Approximation Theory, Computing, and Deep Learning on the Wasserstein Space

2310.19548

Published 5/1/2024 by Massimo Fornasier, Pascal Heid, Giacomo Enrico Sodini

🤿

Abstract

The challenge of approximating functions in infinite-dimensional spaces from finite samples is widely regarded as formidable. In this study, we delve into the challenging problem of the numerical approximation of Sobolev-smooth functions defined on probability spaces. Our particular focus centers on the Wasserstein distance function, which serves as a relevant example. In contrast to the existing body of literature focused on approximating efficiently pointwise evaluations, we chart a new course to define functional approximants by adopting three machine learning-based approaches: 1. Solving a finite number of optimal transport problems and computing the corresponding Wasserstein potentials. 2. Employing empirical risk minimization with Tikhonov regularization in Wasserstein Sobolev spaces. 3. Addressing the problem through the saddle point formulation that characterizes the weak form of the Tikhonov functional's Euler-Lagrange equation. As a theoretical contribution, we furnish explicit and quantitative bounds on generalization errors for each of these solutions. In the proofs, we leverage the theory of metric Sobolev spaces and we combine it with techniques of optimal transport, variational calculus, and large deviation bounds. In our numerical implementation, we harness appropriately designed neural networks to serve as basis functions. These networks undergo training using diverse methodologies. This approach allows us to obtain approximating functions that can be rapidly evaluated after training. Consequently, our constructive solutions significantly enhance at equal accuracy the evaluation speed, surpassing that of state-of-the-art methods by several orders of magnitude.
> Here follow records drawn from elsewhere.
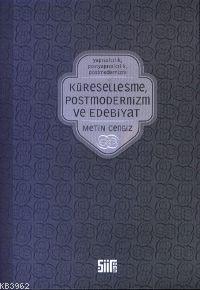 Küreselleşme, Postmodernizm ve Edebiyat - Kitapiks.com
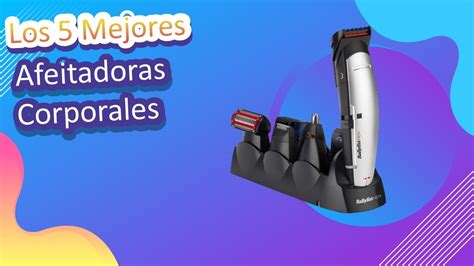 Los Mejores Afeitadoras Corporales Youtube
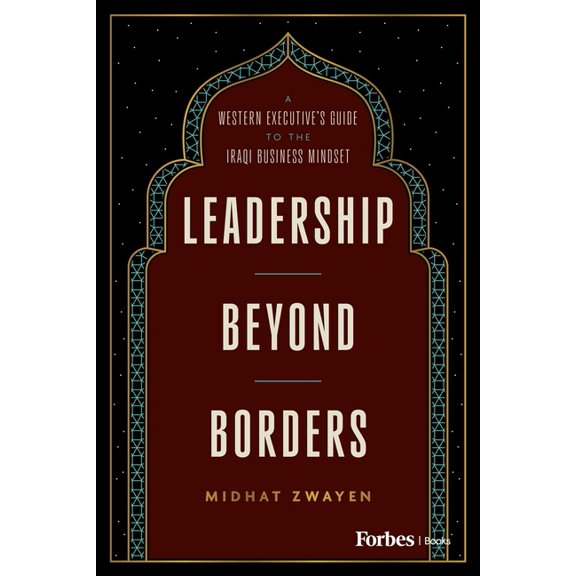 Leadership Beyond Borders: A Western Executive's Guide to the Iraqi Business Mindset, (Hardcover)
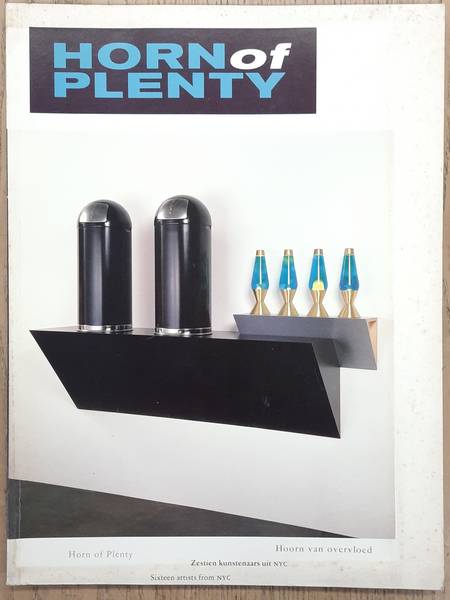 SM 1989: & OOSTERHOF, GOSSE. Horn of Plenty. Hoorn van Overvloed. Zestien kunstenaars uit NYC. / Sixteen artists from NYC. Catalogue 724.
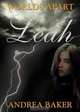 Leah (Worlds Apart), Andrea Baker 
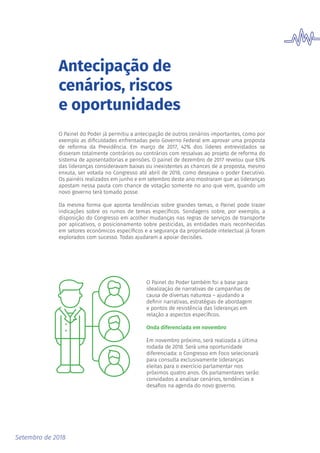 Setembro de 2018
Antecipação de
cenários, riscos
e oportunidades
O Painel do Poder já permitiu a antecipação de outros cenários importantes, como por
exemplo as dificuldades enfrentadas pelo Governo Federal em aprovar uma proposta
de reforma da Previdência. Em março de 2017, 42% dos líderes entrevistados se
disseram totalmente contrários ou contrários com ressalvas ao projeto de reforma do
sistema de aposentadorias e pensões. O painel de dezembro de 2017 revelou que 63%
das lideranças consideravam baixas ou inexistentes as chances de a proposta, mesmo
enxuta, ser votada no Congresso até abril de 2018, como desejava o poder Executivo.
Os painéis realizados em junho e em setembro deste ano mostraram que as lideranças
apostam nessa pauta com chance de votação somente no ano que vem, quando um
novo governo terá tomado posse.
Da mesma forma que aponta tendências sobre grandes temas, o Painel pode trazer
indicações sobre os rumos de temas específicos. Sondagens sobre, por exemplo, a
disposição do Congresso em acolher mudanças nas regras de serviços de transporte
por aplicativos, o posicionamento sobre pesticidas, as entidades mais reconhecidas
em setores econômicos específicos e a segurança da propriedade intelectual já foram
explorados com sucesso. Todas ajudaram a apoiar decisões.
O Painel do Poder também foi a base para
idealização de narrativas de campanhas de
causa de diversas natureza – ajudando a
definir narrativas, estratégias de abordagem
e pontos de resistência das lideranças em
relação a aspectos específicos.
Onda diferenciada em novembro
Em novembro próximo, será realizada a última
rodada de 2018. Será uma oportunidade
diferenciada: o Congresso em Foco selecionará
para consulta exclusivamente lideranças
eleitas para o exercício parlamentar nos
próximos quatro anos. Os parlamentares serão
convidados a analisar cenários, tendências e
desafios na agenda do novo governo.
 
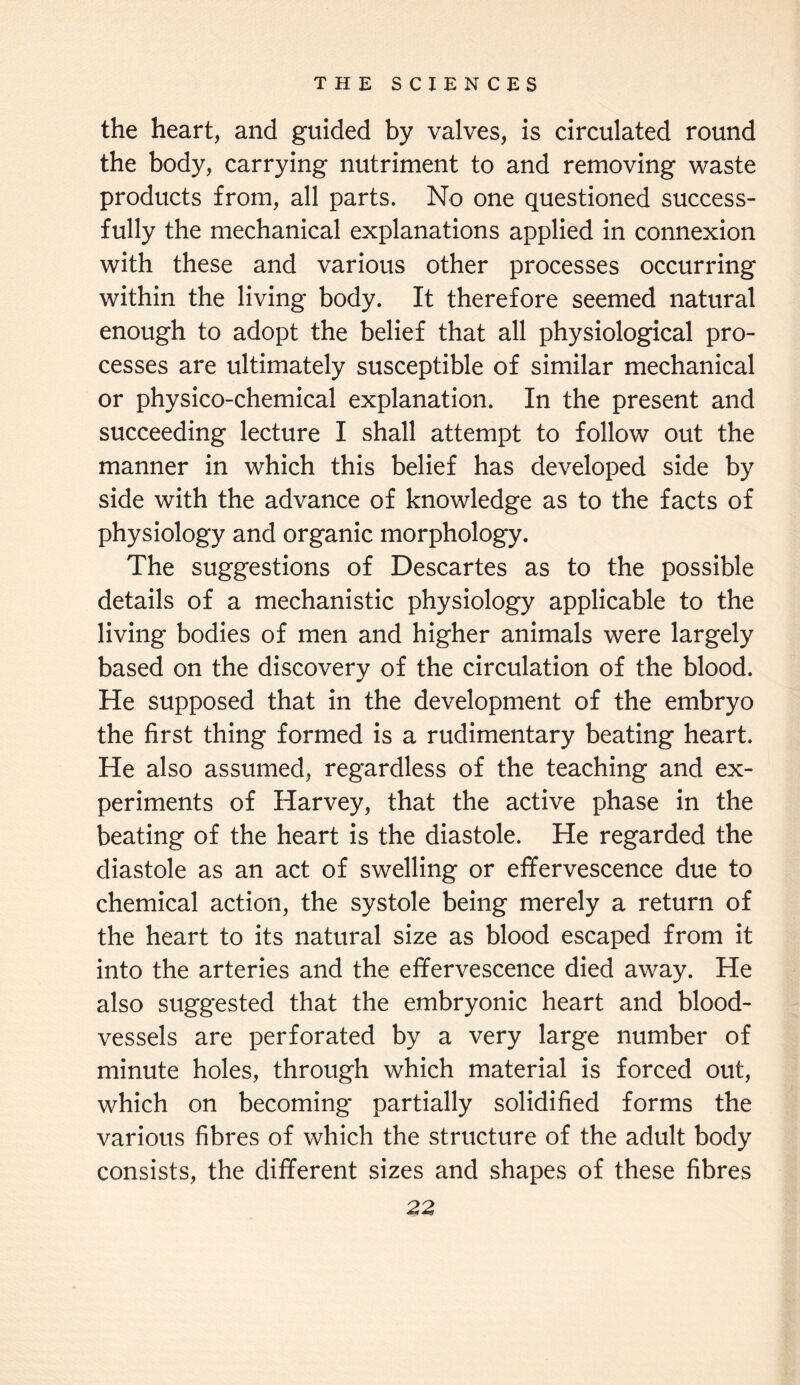 the heart, and guided by valves, is circulated round the body, carrying nutriment to and removing waste products from, all parts. No one questioned success¬ fully the mechanical explanations applied in connexion with these and various other processes occurring within the living body. It therefore seemed natural enough to adopt the belief that all physiological pro¬ cesses are ultimately susceptible of similar mechanical or physico-chemical explanation. In the present and succeeding lecture I shall attempt to follow out the manner in which this belief has developed side by side with the advance of knowledge as to the facts of physiology and organic morphology. The suggestions of Descartes as to the possible details of a mechanistic physiology applicable to the living bodies of men and higher animals were largely based on the discovery of the circulation of the blood. He supposed that in the development of the embryo the first thing formed is a rudimentary beating heart. He also assumed, regardless of the teaching and ex¬ periments of Harvey, that the active phase in the beating of the heart is the diastole. He regarded the diastole as an act of swelling or effervescence due to chemical action, the systole being merely a return of the heart to its natural size as blood escaped from it into the arteries and the effervescence died away. He also suggested that the embryonic heart and blood¬ vessels are perforated by a very large number of minute holes, through which material is forced out, which on becoming partially solidified forms the various fibres of which the structure of the adult body consists, the different sizes and shapes of these fibres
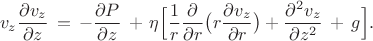 $$\pho v_z \frac{ \partial v_z}{ \partial z} \,=\, -\frac{ \partial P}{ \partial z} \,+\, \eta \Big[\frac{1}{r} \frac{ \partial }{ \partial  r}\big(r\frac{ \partial v_z}{ \partial  r}\big) + \frac{ \partial ^2 v_z}{ \partial  z^2}\, + \, \pho g\Big].$$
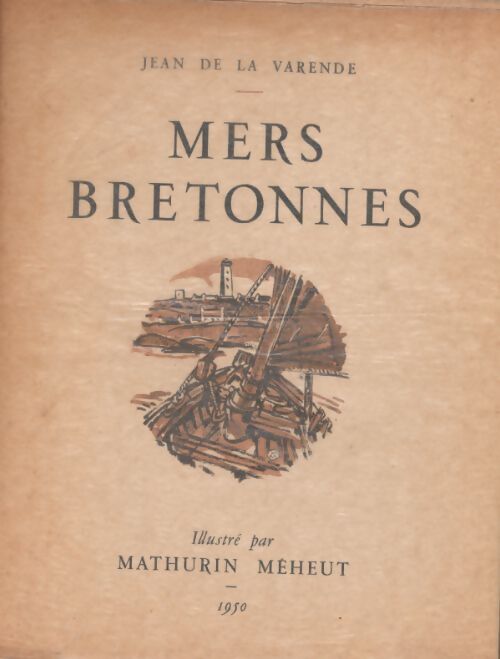 Mers bretonnes - Jean De la Varende - Livre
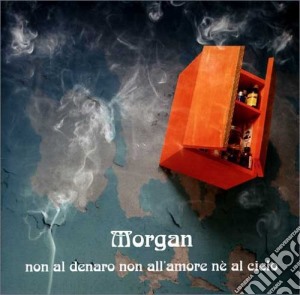Morgan - Non Al Denaro, Non All'amore, Ne' Al Cielo cd musicale di MORGAN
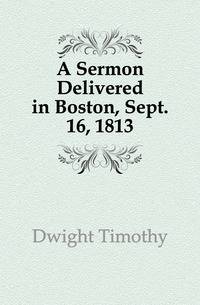 A Sermon Delivered in Boston, Sept. 16, 1813
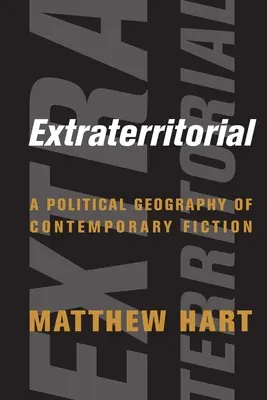 Extraterritorial: O geografie politică a ficțiunii contemporane - Extraterritorial: A Political Geography of Contemporary Fiction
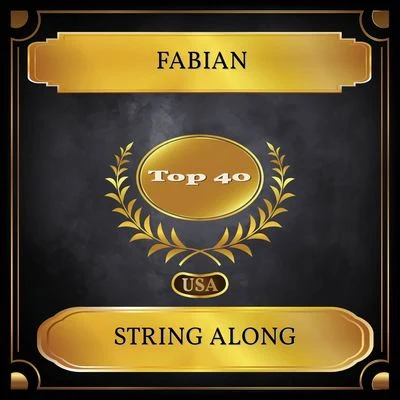 String Along (Billboard Hot 100 - No. 39) 专辑 Fabián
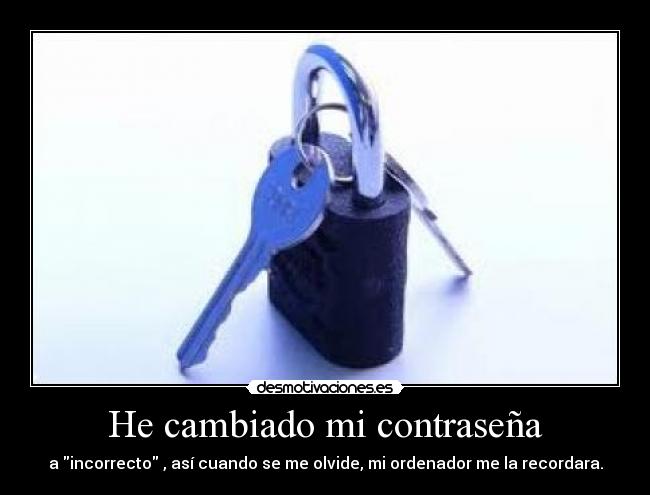 He cambiado mi contraseña - a incorrecto , así cuando se me olvide, mi ordenador me la recordara.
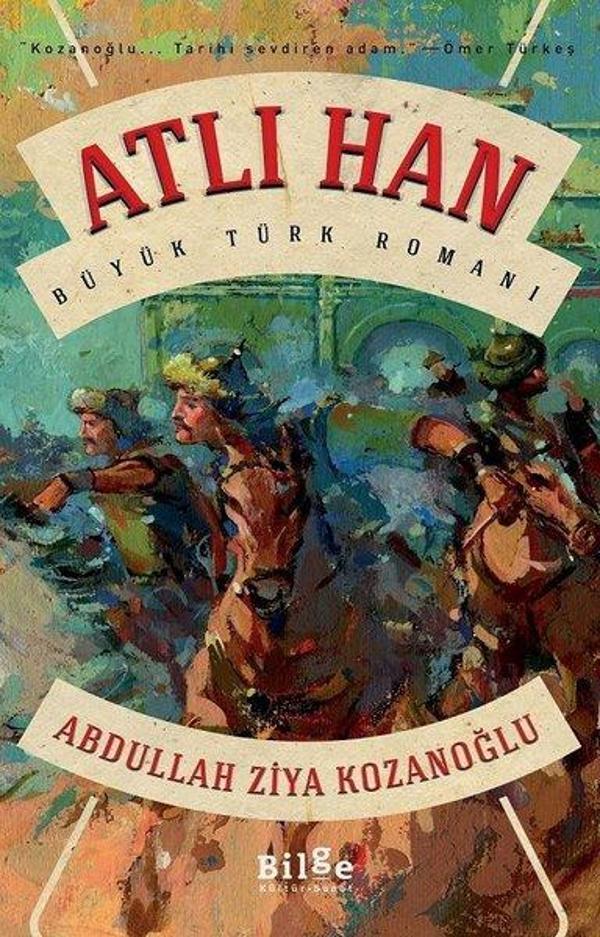 Atlı Han - Büyük Türk Romanı - Bilge Kültür Sanat - Image 1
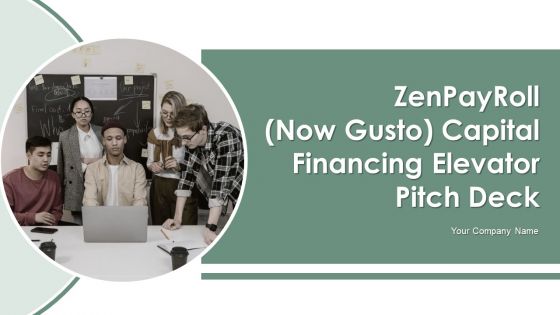 Zenpayroll Now Gusto Capital Financing Elevator Pitch Deck Ppt PowerPoint Presentation Complete Deck With Slides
Create account to get full access

Overview

The paper addresses the challenge of approximating Sobolev-smooth functions defined on probability spaces from finite samples.
The focus is on the Wasserstein distance function as a relevant example.
The authors propose three machine learning-based approaches to define functional approximants, including solving optimal transport problems, using empirical risk minimization with Tikhonov regularization, and a saddle point formulation.
Explicit and quantitative bounds on generalization errors are provided for each solution.
The authors leverage the theory of metric Sobolev spaces, optimal transport, variational calculus, and large deviation bounds in their proofs.
Neural networks are used as basis functions, allowing for rapid evaluation of the approximating functions after training.

Plain English Explanation

The paper tackles the difficult problem of approximating smooth functions defined on probability spaces using a finite number of samples. This is a challenging task because these functions exist in an infinite-dimensional space, making it hard to capture their full complexity from a limited dataset.

The authors focus on the Wasserstein distance function as an example, which is a useful metric for comparing probability distributions. Instead of just trying to approximate the function's values at specific points, the researchers propose three machine learning-based approaches to define full functional approximations.

The first approach involves solving a finite number of optimal transport problems and computing the corresponding Wasserstein potentials. The second approach uses empirical risk minimization with Tikhonov regularization in Wasserstein Sobolev spaces. The third approach addresses the problem through a saddle point formulation that characterizes the weak form of the Tikhonov functional's Euler-Lagrange equation.

Importantly, the authors provide precise mathematical bounds on how well these approximations can generalize to new data, leveraging advanced concepts from metric Sobolev spaces, optimal transport, variational calculus, and large deviation theory.

The researchers also use appropriately designed neural networks as basis functions, which can be trained using diverse methodologies. This allows the approximating functions to be evaluated very quickly after the training process, significantly outperforming state-of-the-art methods in terms of evaluation speed at the same level of accuracy.

Technical Explanation

The paper investigates the challenging problem of numerically approximating Sobolev-smooth functions defined on probability spaces from finite samples. The authors focus on the Wasserstein distance function as a relevant example.

In contrast to existing literature that has primarily focused on approximating pointwise evaluations, the researchers propose three machine learning-based approaches to define functional approximants:

Solving a finite number of optimal transport problems and computing the corresponding Wasserstein potentials.
Employing empirical risk minimization with Tikhonov regularization in Wasserstein Sobolev spaces.
Addressing the problem through the saddle point formulation that characterizes the weak form of the Tikhonov functional's Euler-Lagrange equation.

As a theoretical contribution, the authors provide explicit and quantitative bounds on generalization errors for each of these solutions. In the proofs, they leverage the theory of metric Sobolev spaces and combine it with techniques from optimal transport, variational calculus, and large deviation bounds.

In the numerical implementation, the researchers use appropriately designed neural networks as basis functions, which undergo training using diverse methodologies. This approach allows them to obtain approximating functions that can be rapidly evaluated after training, significantly outperforming state-of-the-art methods in terms of evaluation speed at equal accuracy.

Critical Analysis

The paper presents a comprehensive and rigorous approach to approximating Sobolev-smooth functions defined on probability spaces from finite samples. The authors have provided solid theoretical foundations and explicit generalization error bounds for their proposed solutions, which is a significant contribution to the field.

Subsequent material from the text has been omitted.